Отсюда уходили в Троаду проститься с Игнатием Богоносцем епископ Дамас с двумя священниками и дьяконом. Наслушаться, укрепиться. Книг еще мало, и учение растет живым словом, и в нем хранит прямое Христово эхо. И потому уходящие в землю и воду тысячелетние камни Магнесии таинственно берегут силу веры тех, «кого убивают, а они живы, ничего не имеют, а всем довольны». И я понимаю, почему у меня как-то естественно выпала из памяти вчерашняя Гераклея, которую мы навестили после Милета. Мысль кружилась вокруг другого и пропускала «ненужное», чтобы сейчас восстановиться во всей яркости.

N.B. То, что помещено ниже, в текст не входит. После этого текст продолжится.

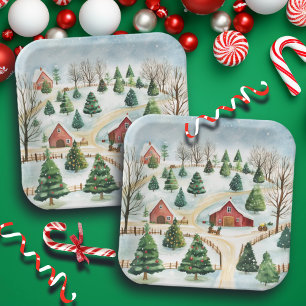 Plato De Papel Paisaje rústico de invierno acuarela con árboles f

Гераклея, в сущности, «республика островная» — все храмы и монастыри с великими фресками, сбереженными водой и отдаленностью, укрывались от мира там, но и собственно Гераклея на берегу не синего даже, а ультрамаринового озера Бафа не забыла ранней истории. Дорога летит вдоль озера, и оно поворачивается и так и эдак, уверенное, что на него нельзя налюбоваться. Маленькие оливковые рощи, загороженные от ветров скалами, тихи и покойны. Позвякивают бубенцами козы и редкие коровы без всяких пастухов — некуда им уйти — и не ведают, что пасутся в раю. Скалы все выше, камни чудовищнее. Двух- и трехэтажные глыбы брошены ленивой рукой Самсона или Геракла — такая в них человеческая осмысленность. А сама Гераклея уже больше село, чем городок. Тесно, пыльно, жарко. Овечьи загоны сложены из чудесных архитравов гробниц и колонн храма, от которого высится на мысу один мертвый остов. И сердце досадует, что можно бы сохранить его получше, ведь здесь был епископом Акила, ученик и товарищ апостола Павла по Эфесу.
Мужчины на площади попивают чай, женщины в поле, старухи ловят чужого человека, предлагая бедное рукоделие. Одна отправляет с нами крошечного внука, и он ловко ведет нас среди ора петухов, крика ослов, блеяния овец и горячего полдня к почти ушедшему в землю театру.
Ступени едва видны, и по ним без труда прыгают овцы. Не стоило бы и искать его, если б не знать, что здесь при стечении жителей Гераклеи игемон Помпиан, представляющий императора Домициана, пытал ученицу апостола Акилы христианку Севастиану. Ее строгали черепицей, чтобы потом бросить львам. Вот здесь — в сиянии солнца, в раю, где пасутся овцы и смеется, глядя на осла, мальчик. О ней никто здесь не помнит, но душа ее тут («их убивают, а они живы…»).